Jaringan yang berasal dari manusia tentulah yang paling ideal karena struktur histologi
yang harus dipelajari adalah struktur histologi manusia. Jaringan tubuh ini dapat diambil dari
cadaver (jenazah) dengan syarat jaringan atau organ tersebut diambil kurang dari 3 jam
setelah kematian, sebab bila lebih lama sudah terjadi pembusukan atau autolisis. Sayangnya
syarat tersebut pada masa kini hampir mustahil dapat dipenuhi. Cara lain adalah mengambil
jaringan atau organ tersebut dari kamar operasi. Setelah jaringan atau organ tubuh yang akan
dibuat sajian histologi diisolasi dari sumbernya, jaringan tubuh tersebut kemudian diproses
hingga menjadi sajian histologi. Rangkaian proses pembuatan blok preparat jaringan terdiri
atas :
1. Fiksasi (Fixation)
2. Dehidrasi (Dehydration)
3. Pembeningan (Clearing)
4. Pembenaman (Impregnasi/Embedding)
5. Pengecoran (Blocking)
6. Pemotongan jaringan (Cutting)
7. Pewarnaan (Staining)
8. Perekatan (Mounting)
9. Pelabelan (Labelling)
B. Isolasi / Pengambilan Jaringan Tubuh
Cara Pengambilan Jaringan Tubuh:
1. Pemeriksaan Jaringan
Sebelum di lakukan pembuatan blok preparat dilakukan pencocokan identitas.
Identitas pasien harus sesuai dengan sampel.
2. Pemotongan Jaringan
Jaringan yang akan diperiksa harus diambil dari bagian yang representatif (mewakili)

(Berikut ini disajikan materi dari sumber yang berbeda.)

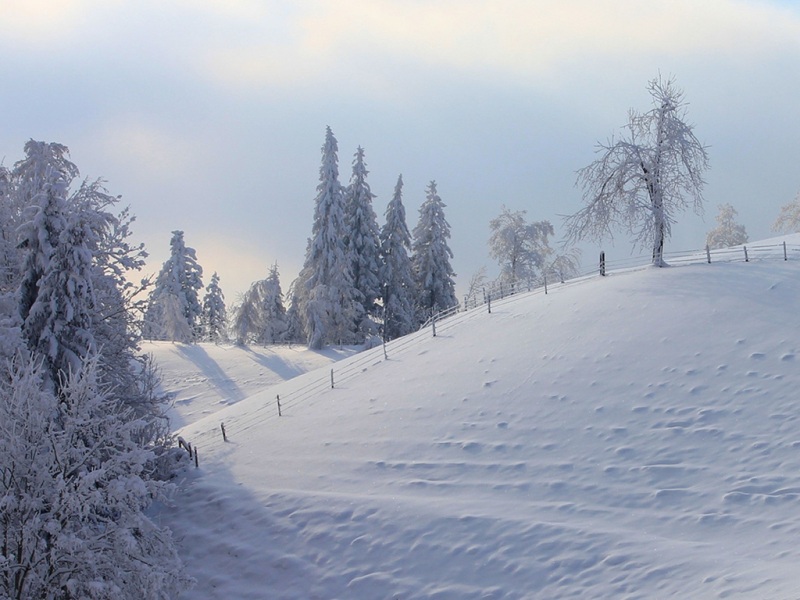 冬天雪树木栅栏风景桌面壁纸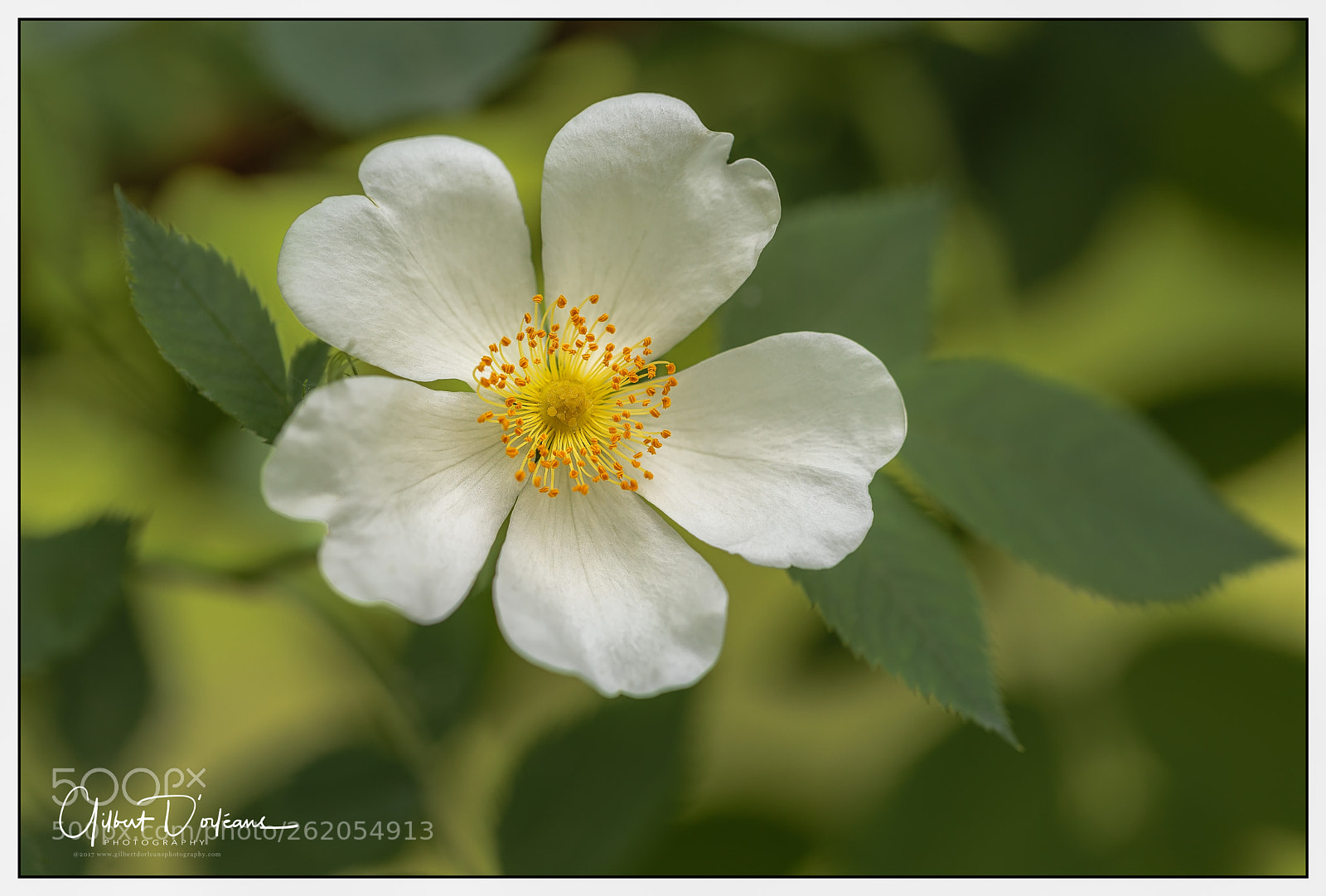 Canon EOS 6D sample photo. Flowers.2_180612-016 photography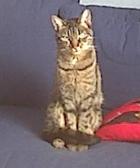 Angeh�ngtes Bild: katze2.JPG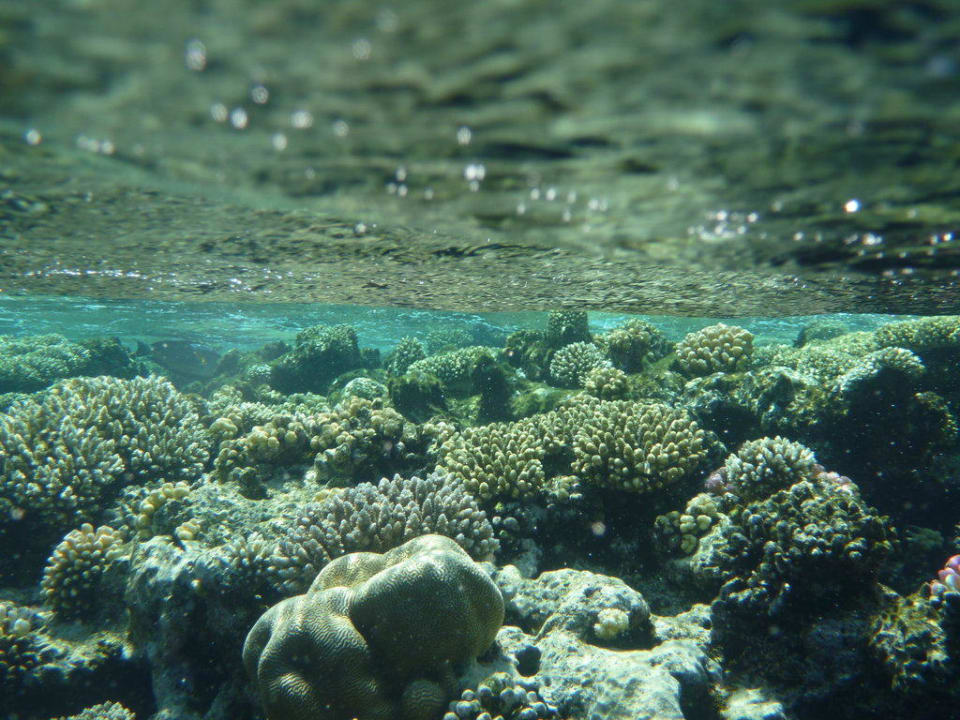 Hausriff Charmillion Club Resort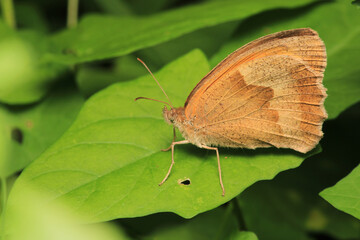 vanessa cardui butterfly macro photo	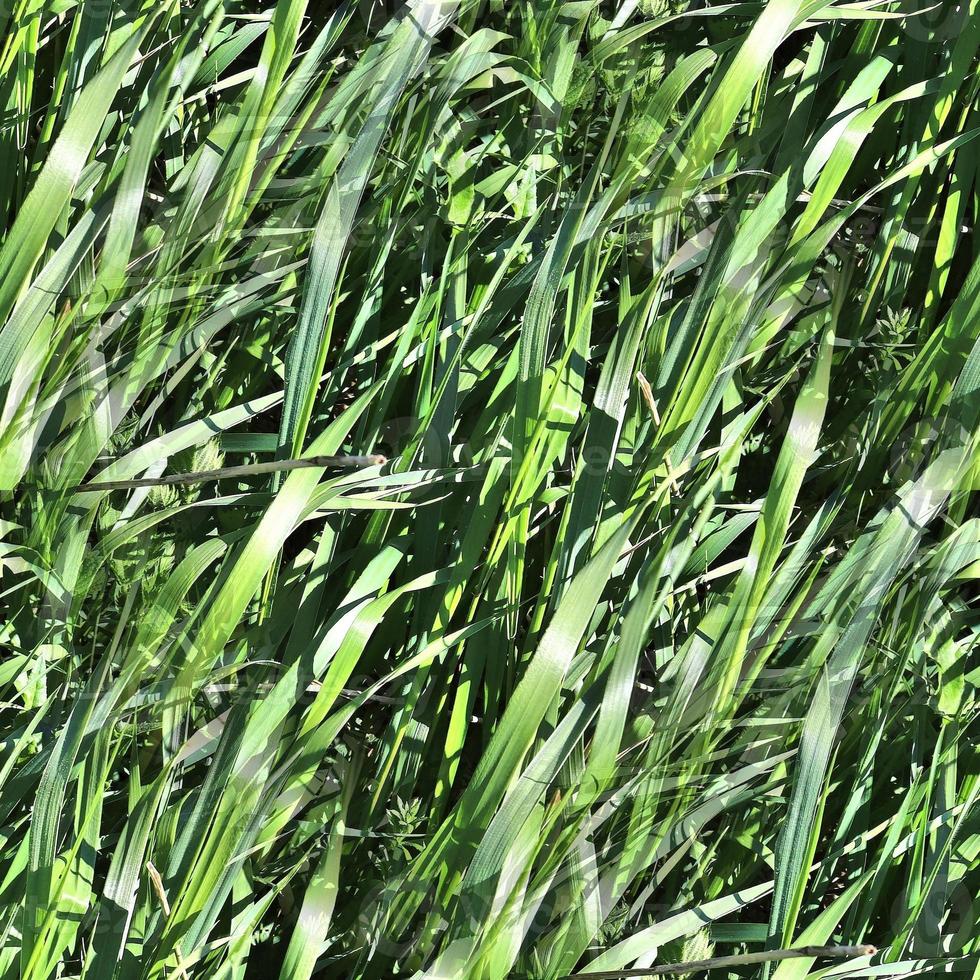Photo realistic seamless grass texture in hires with more than 6 megapixel in size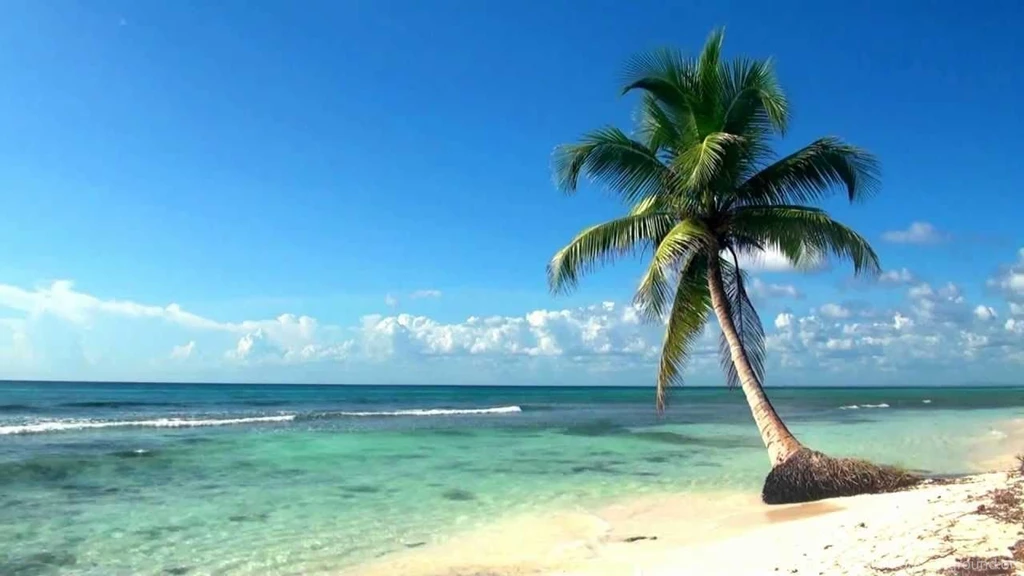 Relaxing Full HD Film Ocean Live Wallpapers Dreamscene YouTube
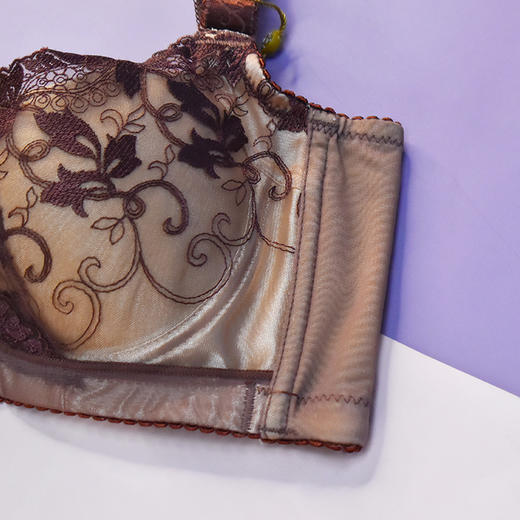 【99元2件，下单拍2！】皇家丽美中厚杯小胸显大记忆钛圈聚拢调整型文胸WJ1F1366-2 商品图4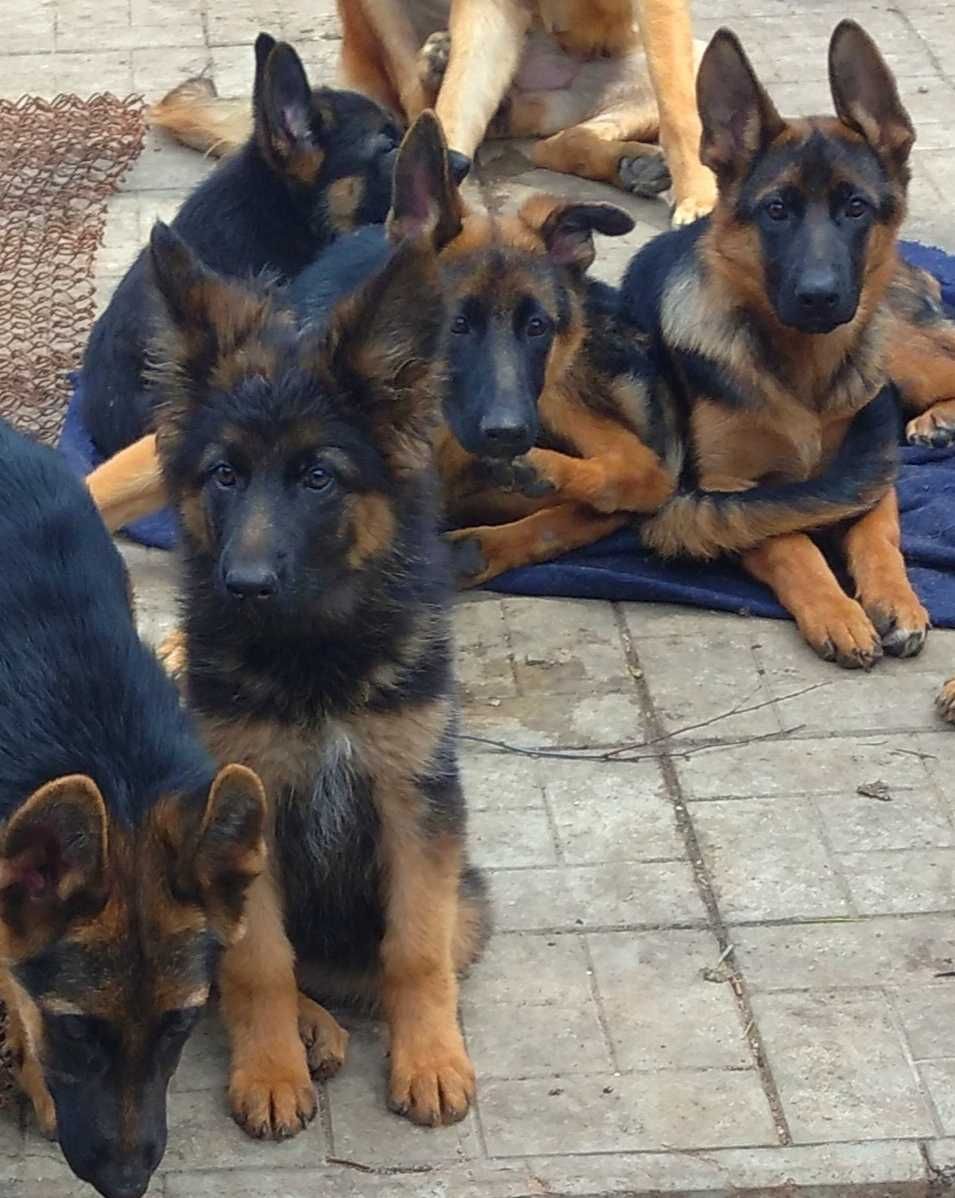 Крупные щенки от плем родителей.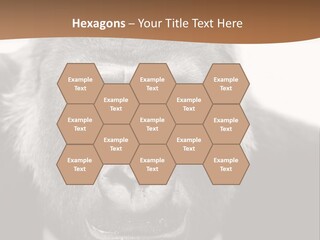 A Gorilla Wearing A Suit And Tie With A Brown Background PowerPoint Template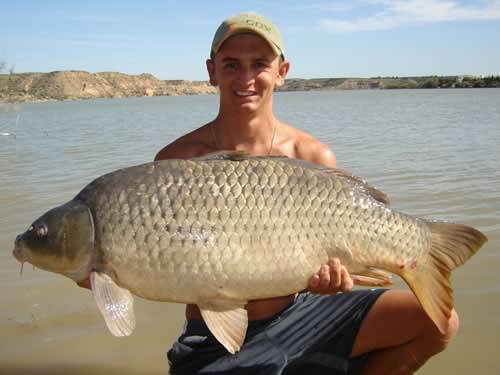 Dan Sales - Caspe, Spain 36lb 0oz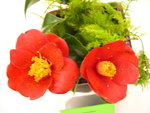 vignette Camellia 'Korea Datchung', japonica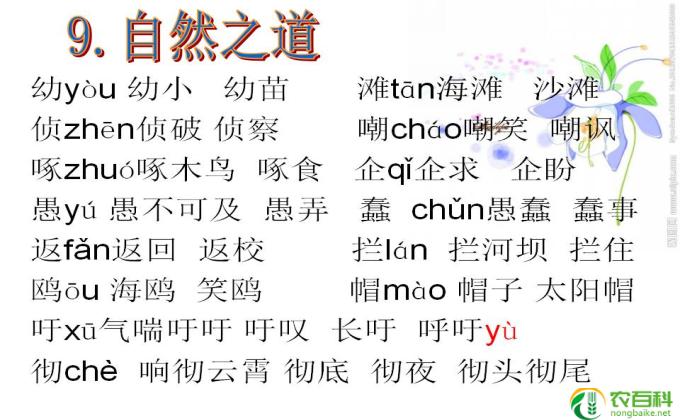 abAC式的四字词语有什么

seluruh, yang paling abnormal. Apabila jaringan besar dipotong dengan
pemotongan ‘gross’ tebalnya 0,4 cm lalu dimasukan ke dalam ‘cassette’
3. Cairan Fiksasi
Cairan yang sering digunakan adalah Formalin Buffer 10% dengan perbandingan
(1:10) Jaringan harus direndam dengan cairan fiksasi volume 10 kali, hal ini bertujuan agar
seluruh permukaan jaringan meresap dengan sempurna. Karena pada tahap ini akan
mempengaruhi pada tahapan selanjutnya.
2. Dehidrasi
` Dehidrasi merupakan langkah kedua dalam pemrosesan jaringan. Proses ini bertujuan
untuk mengeluarkan seluruh cairan yang terdapat dalam jaringan yang telah difiksasi
sehingga jaringan nantinya dapat diisi dengan parafin atau zat lainnya yang dipakai untuk
membuat blok preparat.
Cara melakukan dehidrasi :
Proses dehidrasi dijalankan secara perlahan-lahan menggunakan alkohol bertingkat,
dimulai dengan alkohol presentase rendah sampai dengan alkohol absolute. Dimulai dengan
alkohol 30 %, kemudian 50 %, 70 %, 80 %, 95 %, alkohol absolute. Waktu yang
dipergunakan untuk setiap tingkat alkohol tergantung dari besar kecilnya jaringan. Alkohol
absolute mempunyai kemampuan memperkeras jaringan. Sebagai ancar-ancar jaringan
jangan ditinggalkan didalam alkohol tersebut lebih dari 1 atau 2 jam untuk jaringan
berukuran biasa ( tebal 2-4 mm)
5. Cutting (Pemotongan)
Pemotongan adalah proses pemotongan blok preparat dengan menggunakan mikrotom.
Pemotongan ada 2:
a. Pemotongan kasar, berguna untuk mendapatkan penampang atau dasar jaringan
dengan ketebalan 25-30 mikron.
b. Pemotongan halus/Section, berguna untuk mendapatkan lembaran pita dengan
ketebalan 5 mikron (Standar Internasional)
6. Steaning (Perwarnaan)
Pewarnaan ini yaitu memberikan warna yang kontras terhadap jaringan sehingga apabila
diamati dengan bantuan mikroskop bagian-bagian dari jaringan tersebut tampak
jelas. Tujuannya untuk mewarnai jaringan sehingga mudah diamati di mikroskop.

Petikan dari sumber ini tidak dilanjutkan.